Elle réactualise des crimes sadiques
Le Journal de Montréal
À l’intérieur de Montréal, le journaliste Louis-Philippe Messier se déplace surtout à la course, son bureau dans son sac à dos, à l’affût de sujets et de gens fascinants. Il parle à tout le monde et s’intéresse à tous les milieux dans cette chronique urbaine.
La détective privée Annie Richard et moi déambulons sur la rue Saint-Catherine en approchant du boulevard Robert-Bourassa. Même de loin, nous sentons les ruines tout récemment calcinées de l’immeuble patrimonial qui abritait le club de danseuses nues Super Sexe.
L’enseigne néon inoubliable aux trois super-héroïnes en cape et bikini n’a pas survécu à un incendie « suspect » survenu la veille de l’Halloween.
C’était un des rares emblèmes restants du Red Light. Dans un centre-ville que la prostitution visible a presque déserté, quelqu’un refuse d’oublier certaines horreurs pas si lointaines qui s’y sont passées et nous rappelle que des victimes réclament toujours justice pour des crimes non résolus : la détective privée Annie Richard.
Mme Richard n’appréhende pas le centre-ville comme vous et moi. Quand nous voyons un club ou un hôtel, cette experte fouineuse d’archives à la mémoire d’éléphant se rappelle un foisonnement de coupures de presse étalées sur près d’un siècle. Elle se focalise sur une adresse et exhume les choses incroyables qui s’y sont déroulées.
Une adresse hantée
Je suis étonné d’apprendre qu’Annie Richard n’a jamais vu le Café Cléopâtre, l’un des derniers lieux d’effeuillage préservés et actifs de l’ancien centre-ville olé olé, et je l’y guide. En chemin, nous croisons l’une des adresses à l’historique le plus atroce que la détective connaisse (même si le lieu a été radicalement rénové et changé). Je lis le nom : L’Abri du voyageur.

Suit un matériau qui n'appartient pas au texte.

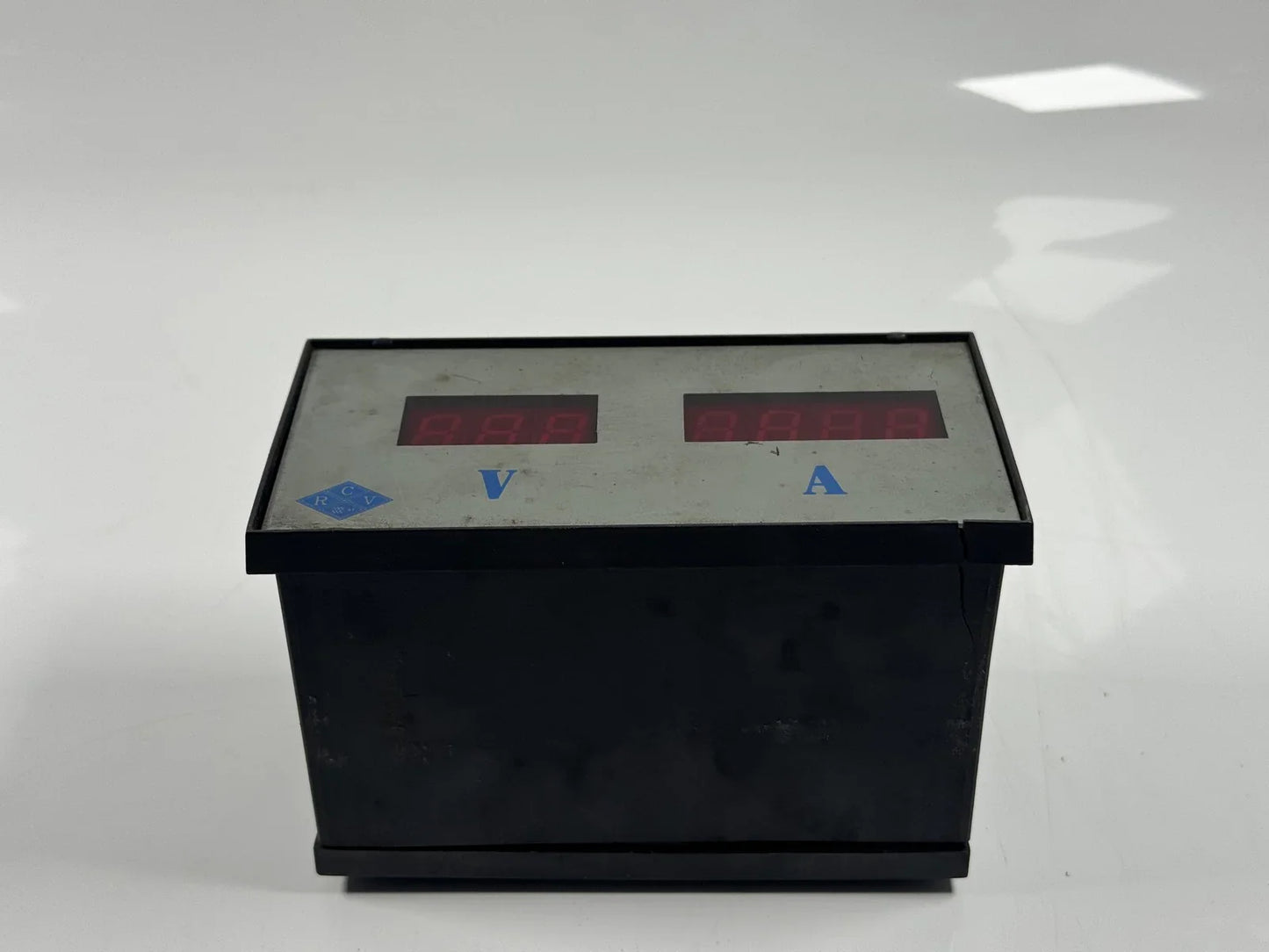 s-l1600_98cea7ab-f988-4c4c-915c-abaaae269e83 - KLR Automation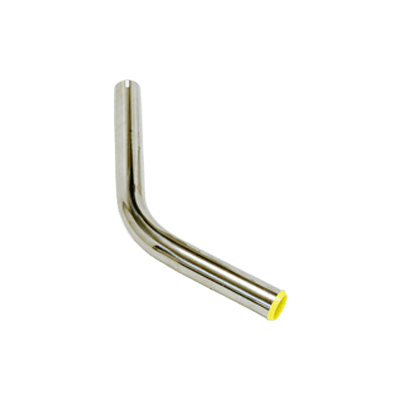 L型パイプ #70-株式会社ベリーズ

« C’était auparavant le Bolero Tourist Rooms et auparavant le Western Tourist Room et c’était alors un lieu presque intégralement voué à la prostitution avec des chambres louées à l’heure et où un tueur en série a commis plusieurs meurtres affreux entre 1979 et 1985. Et un des suspects de l’époque, qui a ensuite été condamné pour des féminicides similaires ailleurs au Canada, risque de bientôt sortir de prison... »
L’homme dont la détective parle, Gregory Ashford, est tristement connu, surtout hors Québec. En 2016, la CBC rapportait un scandale : ce tueur venait d’avoir le droit de faire une sortie supervisée dans la communauté.